American Crime Story: Impeachment è la terza stagione di una serie televisiva antologica creata nel 2016.
Condivide con American Horror Story la struttura narrativa (ogni stagione ha una narrazione autonoma dalle altre ed è legata a un fatto di cronaca nera o a un caso giudiziario): sono entrambe create da Ryan Murphy.
La terza stagione doveva essere dedicata all’uragano Katrina: l’idea è stata poi scartata a favore dell’impeachment del 42esimo presidente degli Stati Uniti, Bill Clinton.
La terza stagione rievoca gli eventi del Sexgate, lo scandalo politico-sessuale causato dalla relazione fra BIll Clinton e Monica LEwinsky, durante il secondo mandato presidenziale dell’esponente del partito democratico.
Quando uscì, American Horror Story colpì forte come un pugno nello stomaco gli spettatori e un audience non abituata al fascino perverso, oscuro e levigato delle storie e delle visioni di Ryan Murphy, che riusciva a raccontare il rimosso e il rimorso dell’America contemporanea, il solito marcio nascosto sotto il tappeto: proprio il successo incredibile di AHS lo portò quindi a creare una serie gemella, che invece di inventare mostruosità metaforiche preferiva concentrarsi su storie vere non meno paurose, i grandi crimini che hanno scosso e segnato la storia statunitense.

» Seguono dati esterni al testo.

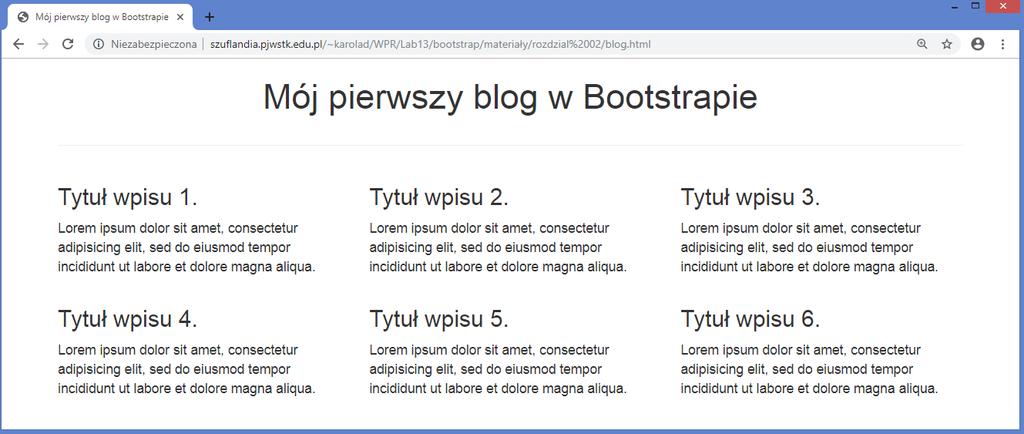 bootstrapa wykonaj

Partendo con il caso di O. J. Simpson, continuando con il delitto Versace, e arrivando oggi (con un ritardo dovuto ovviamente allo stop forzato della pandemia) all’Impeachment di Bill Clinton e la stagista Monica Lewinsky.
ACS: Impeachment continua a stupire per la lucida intelligenza di una scrittura che vuole essere chirurgica ma insieme affascinante, prepotentemente attuale ma senza dimenticare una regia piena di tensione. E c’è subito una prima scena da usare come chiave di lettura: la conferenza stampa di Paula Jones che dichiara le avances fatte dall’allora Presidente degli Stati Uniti. Decenni prima del #metoo e del vaso di Pandora di Weinstein, i meccanismi della gogna mediatica erano sempre gli stessi di oggi; sono (dis)uguali i rapporti di potere e le prevaricazioni sessuali. A niente è servito i sexgate che ha travolto Clinton, perché la predisposizione all’abuso sembra essere propria dell’essere umano.

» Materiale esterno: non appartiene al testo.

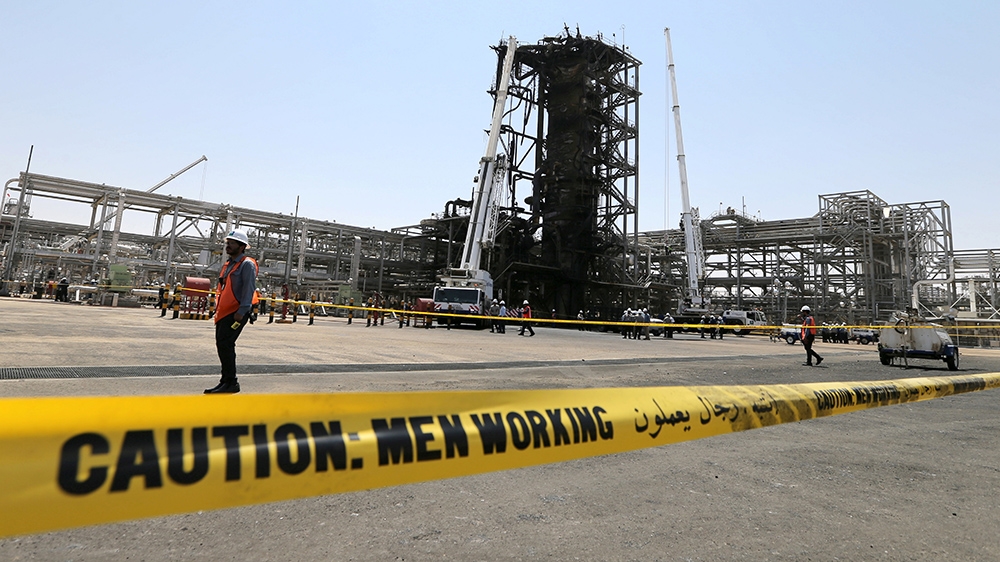 Saudi Aramco damage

Impeachment sceglie, diversamente dalle due stagioni che la hanno preceduta, di avviare una trama contorta che segue passo passo l’ingarbugliata matassa politica e sociale dietro la storia: un mosaico complicato e impervio che vede Paula Jones come la punta di un iceberg che scopre poi Monica Lewinsky (impersonata con glaciale e appassionata perfezione da Beanie Feldstein), Linda Tripp (con il trucco di un’irriconoscibile ma incredibilmente brava Sarah Paulson), e ovviamente Bill Clinton (con le fattezze di Clive Owen).
Il cast all star non inganni: la serie è precisa e non lascia spazio a dubbi storici, nonostante lo stile riconoscibilissimo di Murphy che conferma l’atmosfera da soap di lusso e le pruderie voyeuristiche mai fini a sé stesse, in una corsa sfiancante a scoprire la verità, o meglio le verità di ogni personaggio.
In questo senso, con il doppio binario che corre tra fascinazione romanzata e fedeltà cronachistica, Impeachment ricorda molto le migliori stagioni di House Of Cards: nonostante la precisione calligrafica sul libro di Jeffrey Tobin A Vast Conspiracy: The Real Story of the Sex Scandal That Nearly Brought Down a President, le anche oscure vicende profondamente legate alla realtà d’oltreoceano si lasciano travolgere dalla piacevolezza affabulatoria di una sceneggiatura ricchissima e complessa, che ricalca magistralmente i canoni dei più classici thriller politici.
La showrunner Sarah Burgess ha assunto una prospettiva originale nel rievocare uno degli scandali più patinati e conosciuti al mondo; e parla quindi della fascinazione del potere e del desiderio di condividere il barlume della luce del successo, ambientando gli episodi nella luce plumbea delle ombre dei corridoi della Casa Bianca e dei grigi uffici del Pentagono, soffermandosi probabilmente più sui protagonisti che sui fatti.
Grazie ad interpreti formidabili, il ritratto della Lewinsky, della Tripp e di Clinton occupano buona parte del nucleo emotivo di Impeachment, delineando il contesto dei fatti sui profili dei protagonisti.
Perché il mondo non è (solo) diviso manicheisticamente tra buoni e cattivi: ma soprattutto da uomini e donne, e dai loro desideri.